Personal information
- Full name: Ásgerður Stefanía Baldursdóttir
- Date of birth: 5 January 1987 (age 38)
- Position(s): Midfielder

Team information
- Current team: Valur
- Number: 27

Senior career*
- Years: Team / Apps / (Gls)
- 2004: Breiðablik UBK / 1 / (0)
- 2005–2018: Stjarnan / 218 / (28)
- 2015: → Kristianstads DFF (loan) / 5 / (0)
- 2019–2022: Valur / 32 / (0)

International career^{‡}
- 2014–2016: Iceland / 10 / (0)

= Ásgerður Baldursdóttir =

Icelandic footballer

Ásgerður Stefanía "Adda" Baldursdóttir (born 5 January 1987) is an Icelandic footballer who plays for Valur of the Úrvalsdeild kvenna. She also plays for the Iceland women's national team.

== Club career ==

In 2015 she was loaned to Kristianstads DFF and played five Damallsvenskan matches for the Swedish club, before returning for the start of the Iceland season in May. She agreed to join Kristianstads permanently in January 2016, but then changed her mind and decided to stay with Stjarnan.

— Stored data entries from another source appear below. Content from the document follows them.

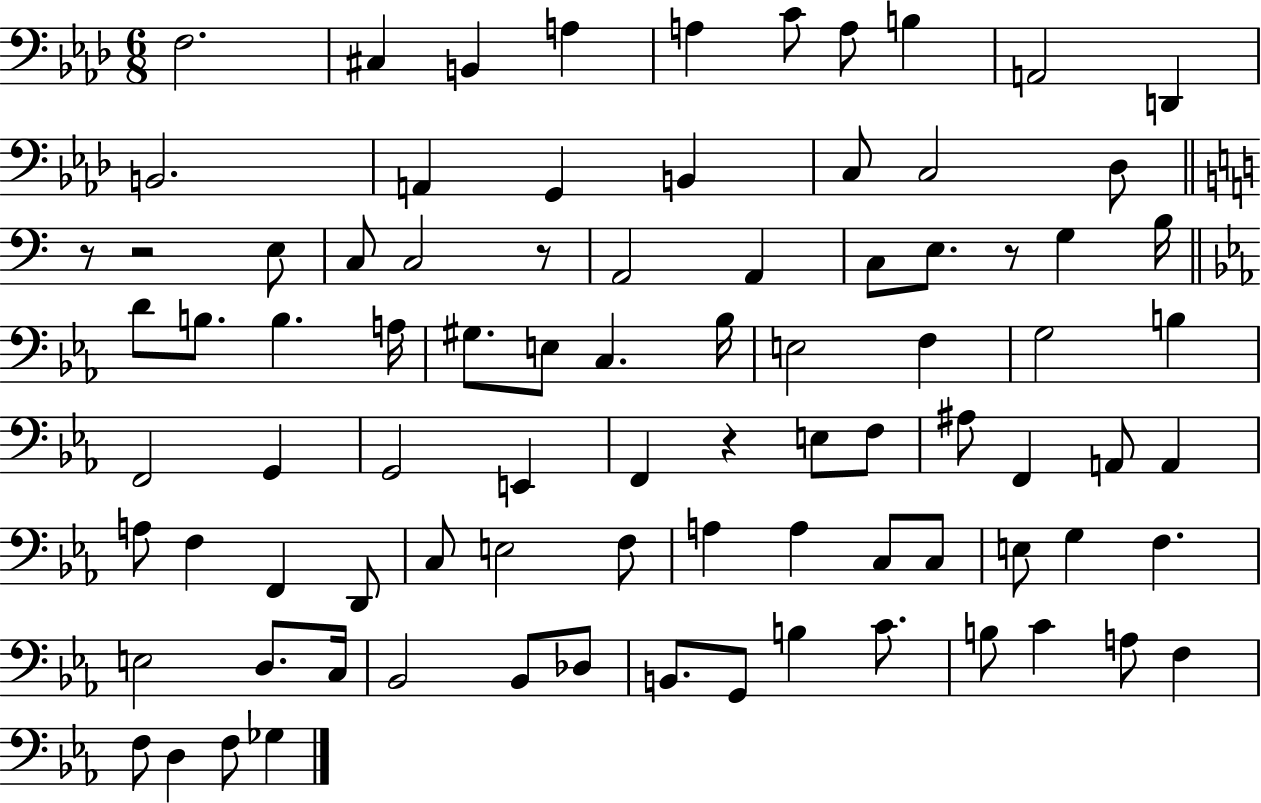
F3/h. C#3/q B2/q A3/q A3/q C4/e A3/e B3/q A2/h D2/q B2/h. A2/q G2/q B2/q C3/e C3/h Db3/e R/e R/h E3/e C3/e C3/h R/e A2/h A2/q C3/e E3/e. R/e G3/q B3/s D4/e B3/e. B3/q. A3/s G#3/e. E3/e C3/q. Bb3/s E3/h F3/q G3/h B3/q F2/h G2/q G2/h E2/q F2/q R/q E3/e F3/e A#3/e F2/q A2/e A2/q A3/e F3/q F2/q D2/e C3/e E3/h F3/e A3/q A3/q C3/e C3/e E3/e G3/q F3/q. E3/h D3/e. C3/s Bb2/h Bb2/e Db3/e B2/e. G2/e B3/q C4/e. B3/e C4/q A3/e F3/q F3/e D3/q F3/e Gb3/q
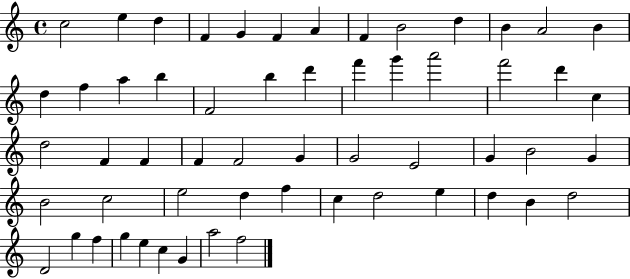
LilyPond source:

{
  \clef treble
  \time 4/4
  \defaultTimeSignature
  \key c \major
  c''2 e''4 d''4 | f'4 g'4 f'4 a'4 | f'4 b'2 d''4 | b'4 a'2 b'4 | \break d''4 f''4 a''4 b''4 | f'2 b''4 d'''4 | f'''4 g'''4 a'''2 | f'''2 d'''4 c''4 | \break d''2 f'4 f'4 | f'4 f'2 g'4 | g'2 e'2 | g'4 b'2 g'4 | \break b'2 c''2 | e''2 d''4 f''4 | c''4 d''2 e''4 | d''4 b'4 d''2 | \break d'2 g''4 f''4 | g''4 e''4 c''4 g'4 | a''2 f''2 | \bar "|."
}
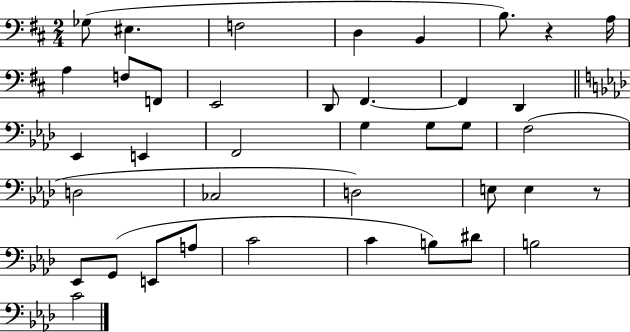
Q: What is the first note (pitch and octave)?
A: Gb3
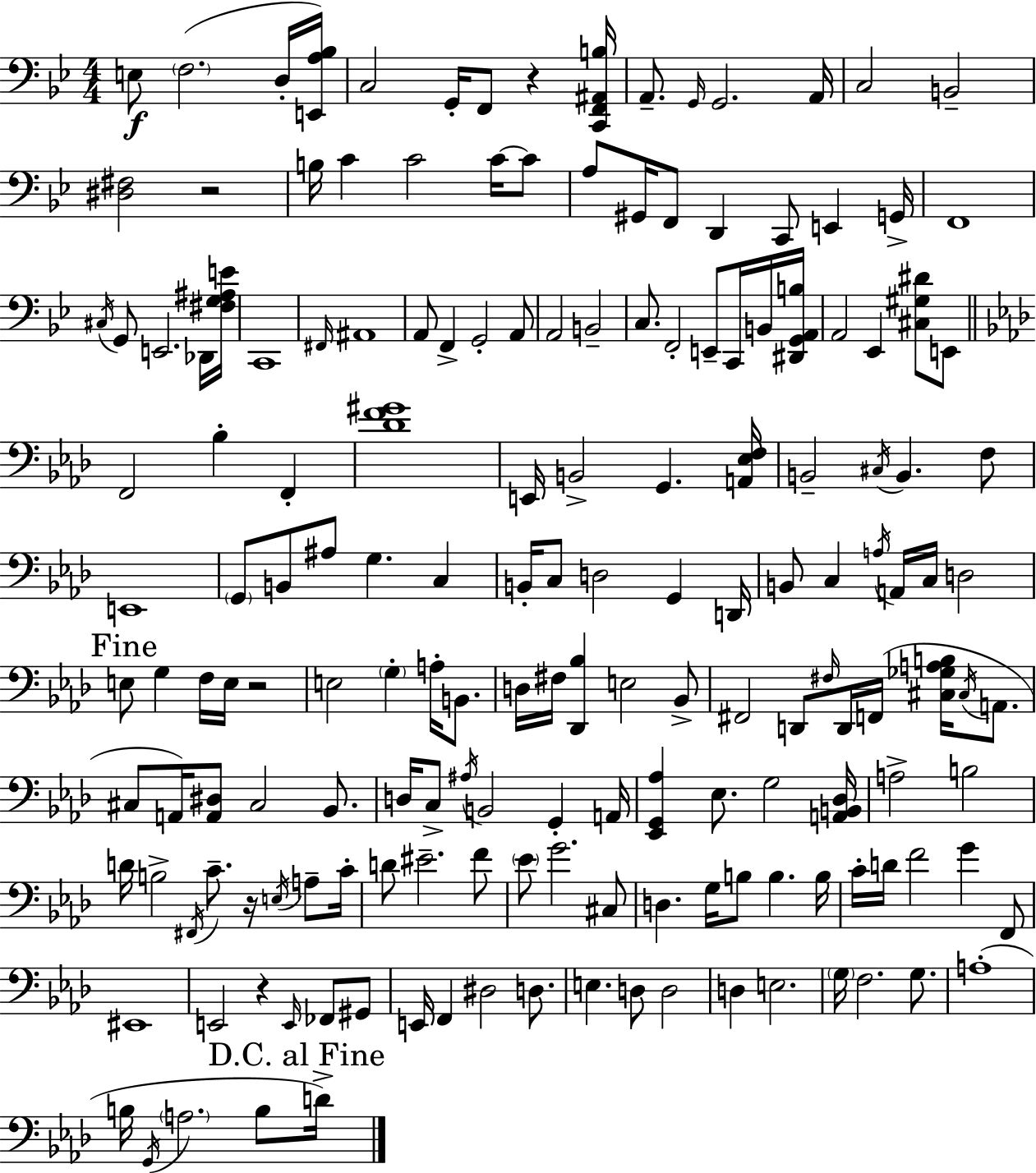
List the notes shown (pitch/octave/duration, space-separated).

E3/e F3/h. D3/s [E2,A3,Bb3]/s C3/h G2/s F2/e R/q [C2,F2,A#2,B3]/s A2/e. G2/s G2/h. A2/s C3/h B2/h [D#3,F#3]/h R/h B3/s C4/q C4/h C4/s C4/e A3/e G#2/s F2/e D2/q C2/e E2/q G2/s F2/w C#3/s G2/e E2/h. Db2/s [F#3,G3,A#3,E4]/s C2/w F#2/s A#2/w A2/e F2/q G2/h A2/e A2/h B2/h C3/e. F2/h E2/e C2/s B2/s [D#2,G2,A2,B3]/s A2/h Eb2/q [C#3,G#3,D#4]/e E2/e F2/h Bb3/q F2/q [Db4,F4,G#4]/w E2/s B2/h G2/q. [A2,Eb3,F3]/s B2/h C#3/s B2/q. F3/e E2/w G2/e B2/e A#3/e G3/q. C3/q B2/s C3/e D3/h G2/q D2/s B2/e C3/q A3/s A2/s C3/s D3/h E3/e G3/q F3/s E3/s R/h E3/h G3/q A3/s B2/e. D3/s F#3/s [Db2,Bb3]/q E3/h Bb2/e F#2/h D2/e F#3/s D2/s F2/s [C#3,Gb3,A3,B3]/s C#3/s A2/e. C#3/e A2/s [A2,D#3]/e C#3/h Bb2/e. D3/s C3/e A#3/s B2/h G2/q A2/s [Eb2,G2,Ab3]/q Eb3/e. G3/h [A2,B2,Db3]/s A3/h B3/h D4/s B3/h F#2/s C4/e. R/s E3/s A3/e C4/s D4/e EIS4/h. F4/e Eb4/e G4/h. C#3/e D3/q. G3/s B3/e B3/q. B3/s C4/s D4/s F4/h G4/q F2/e EIS2/w E2/h R/q E2/s FES2/e G#2/e E2/s F2/q D#3/h D3/e. E3/q. D3/e D3/h D3/q E3/h. G3/s F3/h. G3/e. A3/w B3/s G2/s A3/h. B3/e D4/s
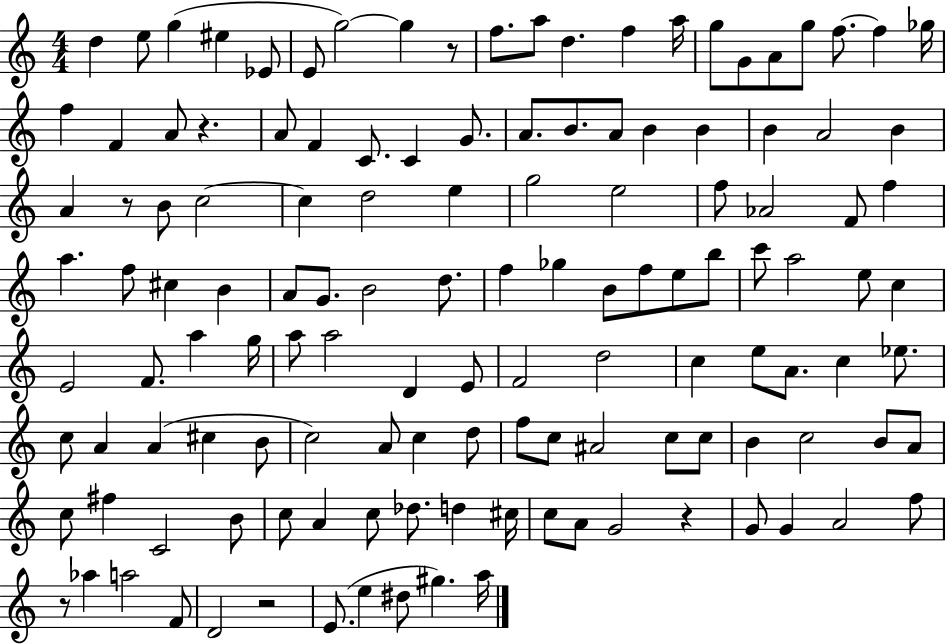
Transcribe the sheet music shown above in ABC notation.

X:1
T:Untitled
M:4/4
L:1/4
K:C
d e/2 g ^e _E/2 E/2 g2 g z/2 f/2 a/2 d f a/4 g/2 G/2 A/2 g/2 f/2 f _g/4 f F A/2 z A/2 F C/2 C G/2 A/2 B/2 A/2 B B B A2 B A z/2 B/2 c2 c d2 e g2 e2 f/2 _A2 F/2 f a f/2 ^c B A/2 G/2 B2 d/2 f _g B/2 f/2 e/2 b/2 c'/2 a2 e/2 c E2 F/2 a g/4 a/2 a2 D E/2 F2 d2 c e/2 A/2 c _e/2 c/2 A A ^c B/2 c2 A/2 c d/2 f/2 c/2 ^A2 c/2 c/2 B c2 B/2 A/2 c/2 ^f C2 B/2 c/2 A c/2 _d/2 d ^c/4 c/2 A/2 G2 z G/2 G A2 f/2 z/2 _a a2 F/2 D2 z2 E/2 e ^d/2 ^g a/4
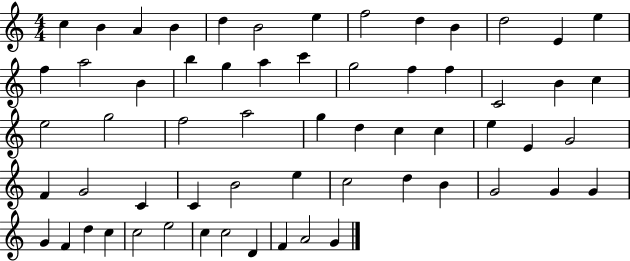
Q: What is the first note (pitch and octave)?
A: C5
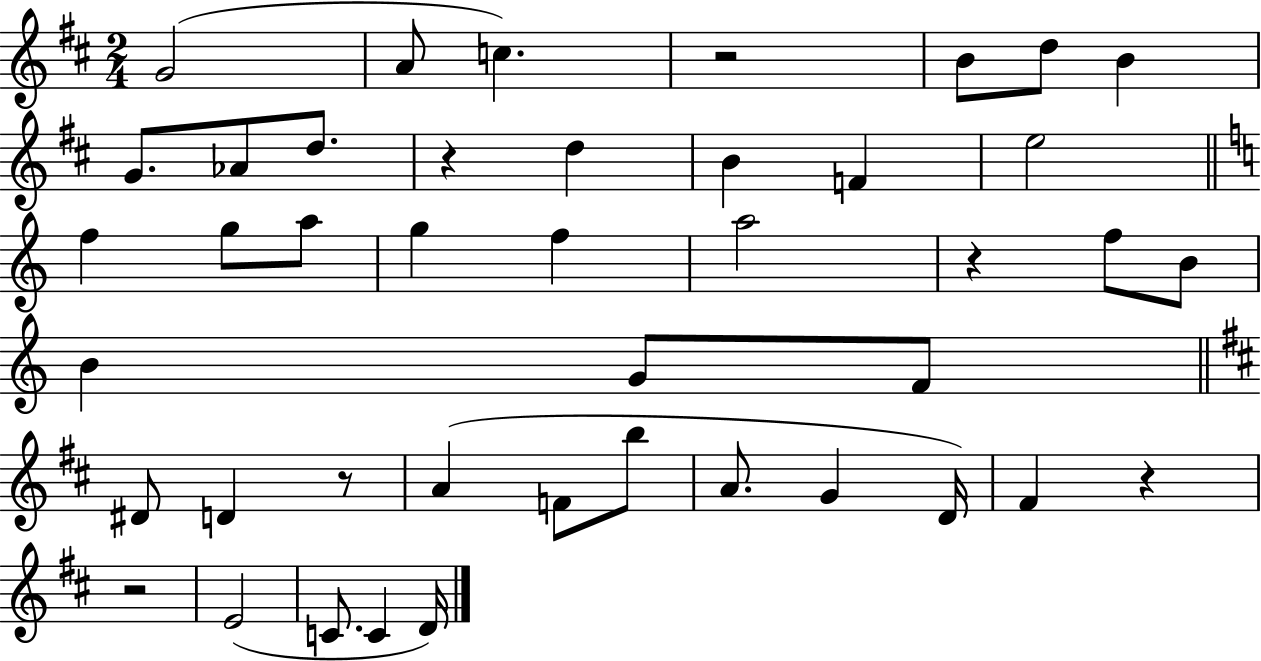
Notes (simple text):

G4/h A4/e C5/q. R/h B4/e D5/e B4/q G4/e. Ab4/e D5/e. R/q D5/q B4/q F4/q E5/h F5/q G5/e A5/e G5/q F5/q A5/h R/q F5/e B4/e B4/q G4/e F4/e D#4/e D4/q R/e A4/q F4/e B5/e A4/e. G4/q D4/s F#4/q R/q R/h E4/h C4/e. C4/q D4/s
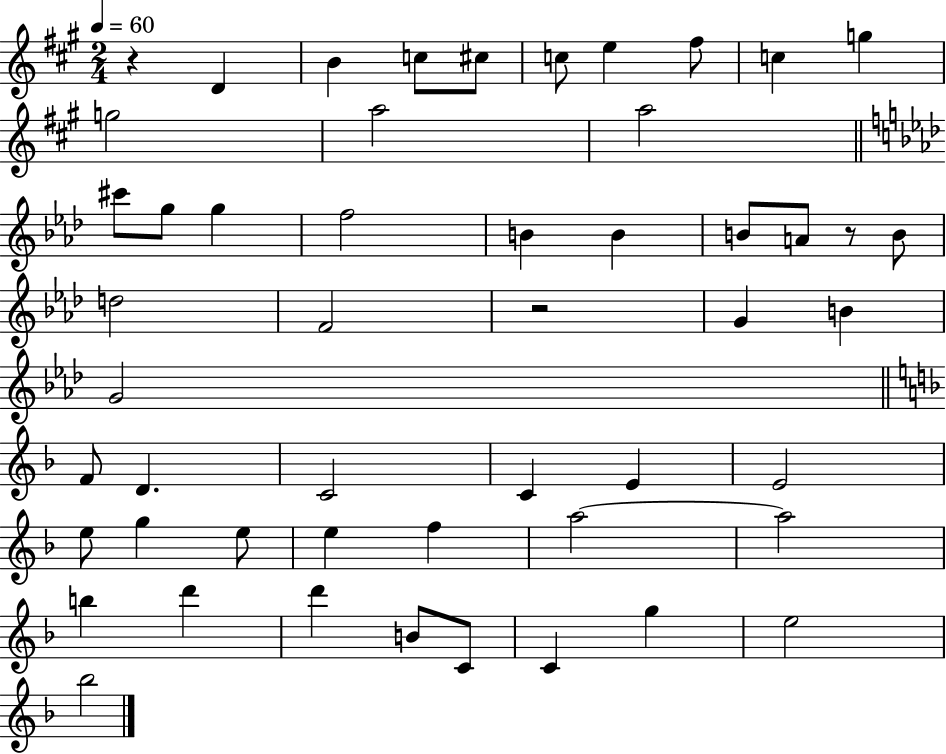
{
  \clef treble
  \numericTimeSignature
  \time 2/4
  \key a \major
  \tempo 4 = 60
  \repeat volta 2 { r4 d'4 | b'4 c''8 cis''8 | c''8 e''4 fis''8 | c''4 g''4 | \break g''2 | a''2 | a''2 | \bar "||" \break \key f \minor cis'''8 g''8 g''4 | f''2 | b'4 b'4 | b'8 a'8 r8 b'8 | \break d''2 | f'2 | r2 | g'4 b'4 | \break g'2 | \bar "||" \break \key d \minor f'8 d'4. | c'2 | c'4 e'4 | e'2 | \break e''8 g''4 e''8 | e''4 f''4 | a''2~~ | a''2 | \break b''4 d'''4 | d'''4 b'8 c'8 | c'4 g''4 | e''2 | \break bes''2 | } \bar "|."
}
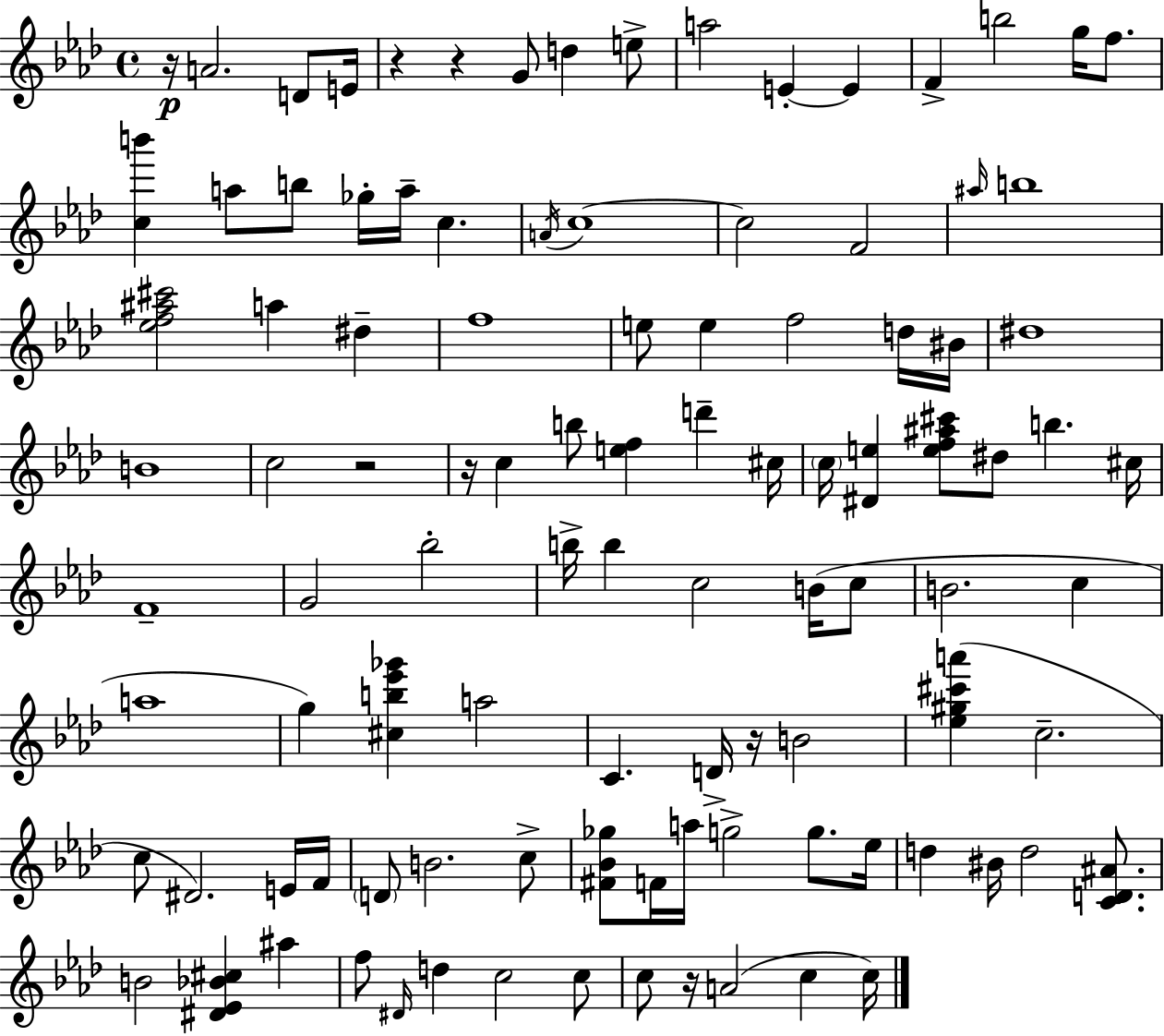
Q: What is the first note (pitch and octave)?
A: A4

Ásgerður missed the 2017 Úrvalsdeild season due to pregnancy.

In October 2022, Ásgerður decided to retire from playing as it was announced that she was hired as a coach for the Valur team following their cup championship in the prior season.

== International career ==

Ásgerður was called into the Iceland national team for the first time in September 2013. Incoming national coach Freyr Alexandersson called up six Stjarnan players following the club's successful season. She made her debut in a 2–1 defeat to Germany at the Algarve Cup in March 2014.

== Personal life ==

In September 2014 Ásgerður was in a relationship with footballer Almarr Ormarsson.